> **WHAT IS EXPECTED**:
In this exercise, write out the data word for word and leave every image out.

> **GIVEN MATERIAL**:
———

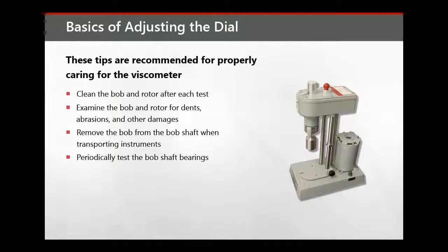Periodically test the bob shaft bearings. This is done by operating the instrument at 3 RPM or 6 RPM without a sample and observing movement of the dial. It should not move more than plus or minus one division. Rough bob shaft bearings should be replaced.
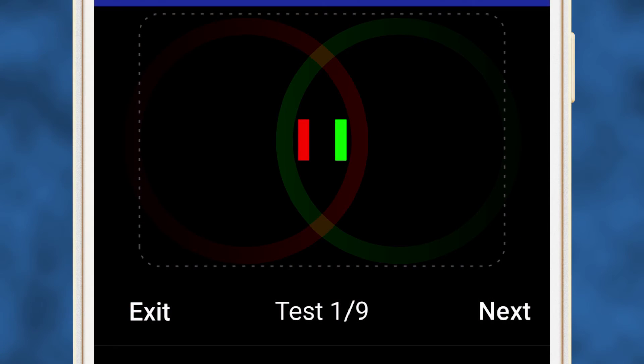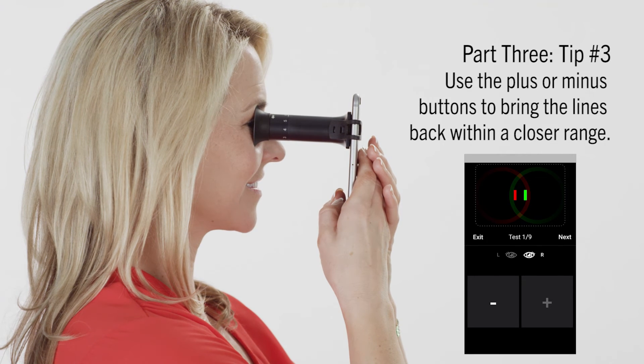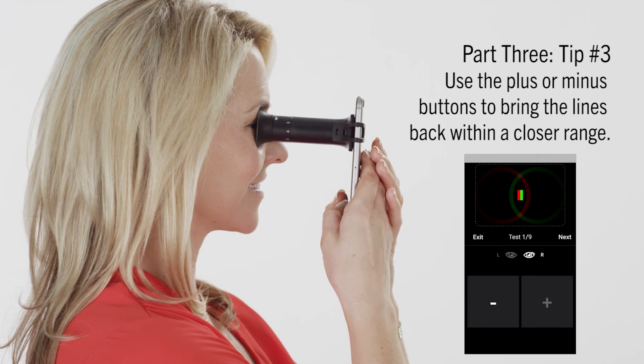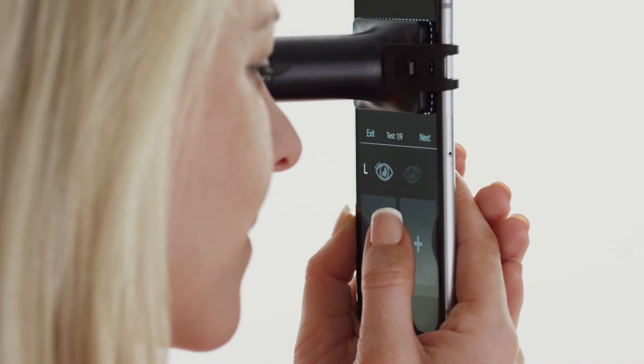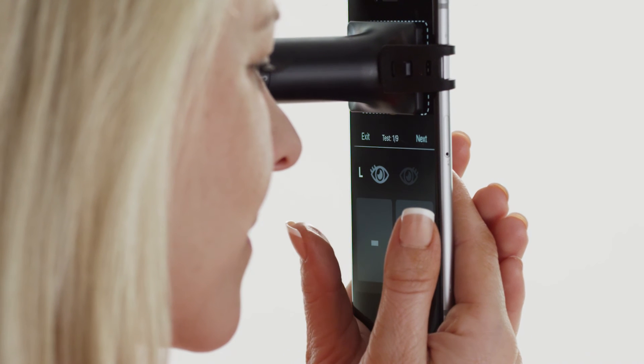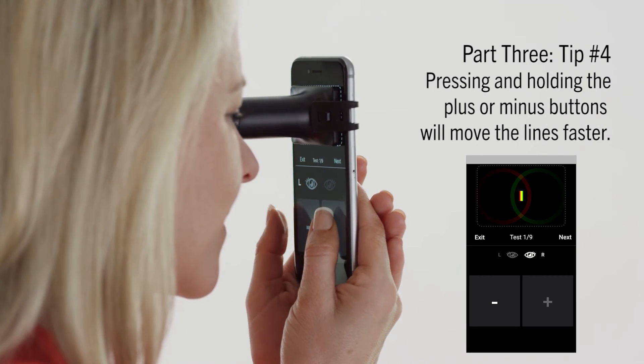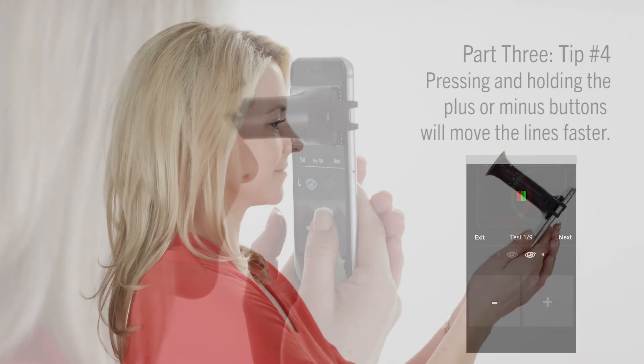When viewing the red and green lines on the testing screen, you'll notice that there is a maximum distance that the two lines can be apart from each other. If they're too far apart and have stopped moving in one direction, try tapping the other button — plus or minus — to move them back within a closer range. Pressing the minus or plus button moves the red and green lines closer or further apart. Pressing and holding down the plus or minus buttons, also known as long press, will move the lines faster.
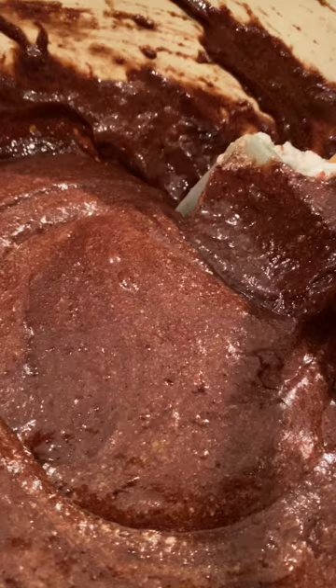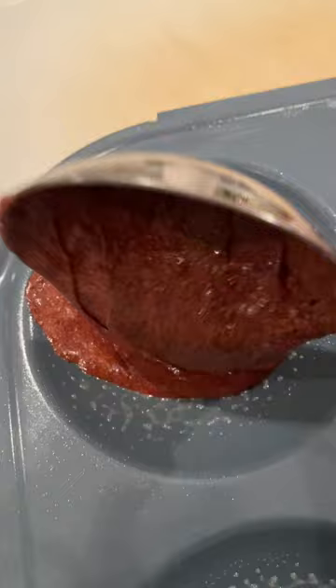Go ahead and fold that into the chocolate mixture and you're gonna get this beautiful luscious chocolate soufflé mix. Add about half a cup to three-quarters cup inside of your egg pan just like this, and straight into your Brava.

———

> **TASK OUTPUT**:
Periodically test the bob shaft bearings. This is done by operating the instrument at 3 RPM or 6 RPM without a sample and observing movement of the dial. It should not move more than plus or minus one division. Rough bob shaft bearings should be replaced.
When viewing the red and green lines on the testing screen, you'll notice that there is a maximum distance that the two lines can be apart from each other. If they're too far apart and have stopped moving in one direction, try tapping the other button — plus or minus — to move them back within a closer range. Pressing the minus or plus button moves the red and green lines closer or further apart. Pressing and holding down the plus or minus buttons, also known as long press, will move the lines faster.
Go ahead and fold that into the chocolate mixture and you're gonna get this beautiful luscious chocolate soufflé mix. Add about half a cup to three-quarters cup inside of your egg pan just like this, and straight into your Brava.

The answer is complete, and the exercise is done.